Finally, designers can also take the "full-custom" route in implementing an ASIC. In this case, an individual description of each transistor occurs in building the circuit. A "full-custom" implementation may function five times faster than a "standard-cell" implementation. The "standard-cell" implementation can usually be implemented quite a bit quicker and with less risk of errors, than the "full-custom" choice.

As feature sizes have shrunk and design tools improved over the years, the maximum complexity (and hence functionality) has increased from 5000 gates to 20 million or more. Modern ASICs often include 32-bit processors and other large building-blocks. Many people refer to such an ASIC as a SoC - System on a Chip.

The use of intellectual property (IP) in ASICs has become a growing trend. Many ASIC houses have had standard cell libraries for years. However IP takes the reuse of designs to a new level.
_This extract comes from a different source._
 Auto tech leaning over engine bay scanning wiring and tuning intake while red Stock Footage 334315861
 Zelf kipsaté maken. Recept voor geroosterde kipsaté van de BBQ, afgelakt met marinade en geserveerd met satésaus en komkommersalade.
Designers of most complex digital ICs now utilise computer languages that describe electronics rather than code. Many organizations now sell tested functional blocks written in these languages. For example, one can purchase CPUs, ethernet or telephone interfaces.

For smaller designs and/or lower production volumes, ASICs have started to become a less attractive solution, as field-programmable gate arrays (FPGAs) grow larger, faster and more capable. Some SoCs consist of a microprocessor, various types of memory and a large FPGA.

So having said, this blog is dedicated to Digital Electronics, VLSI, ASICs, SOCs etc.